STMA: A Spatio-Temporal Memory Agent for Long-Horizon Embodied Task Planning
Mingcong Lei, Yiming Zhao, Ge Wang, Zhixin Mai, Shuguang Cui, Yatong Han, Jinke Ren
TL;DR
The paper addresses long-horizon embodied task planning in dynamic environments by introducing STMA, a framework that integrates a spatio-temporal memory module with a dynamic knowledge graph and a planner-critic loop. The temporal memory compresses histories into a temporal belief while the spatial memory constructs a dynamic KG to support spatial reasoning, and the planner-critic module performs multi-step planning with real-time validation to reduce hallucinations. Empirical evaluation in TextWorld cooking tasks shows that STMA outperforms state-of-the-art baselines across difficulty levels and open-source models can achieve competitive performance, highlighting the power of memory-grounded planning.

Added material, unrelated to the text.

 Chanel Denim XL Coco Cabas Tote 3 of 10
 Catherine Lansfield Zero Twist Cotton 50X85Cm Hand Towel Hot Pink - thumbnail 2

The work demonstrates the importance of explicit spatio-temporal memory for robust long-horizon decision-making in partially observable environments and points to future enhancements in memory adaptability and scalability.
Abstract
A key objective of embodied intelligence is enabling agents to perform long-horizon tasks in dynamic environments while maintaining robust decision-making and adaptability. To achieve this goal, we propose the Spatio-Temporal Memory Agent (STMA), a novel framework designed to enhance task planning and execution by integrating spatio-temporal memory. STMA is built upon three critical components: (1) a spatio-temporal memory module that captures historical and environmental changes in real time, (2) a dynamic knowledge graph that facilitates adaptive spatial reasoning, and (3) a planner-critic mechanism that iteratively refines task strategies. We evaluate STMA in the TextWorld environment on 32 tasks, involving multi-step planning and exploration under varying levels of complexity. Experimental results demonstrate that STMA achieves a 31.25% improvement in success rate and a 24.7% increase in average score compared to the state-of-the-art model. The results highlight the effectiveness of spatio-temporal memory in advancing the memory capabilities of embodied agents.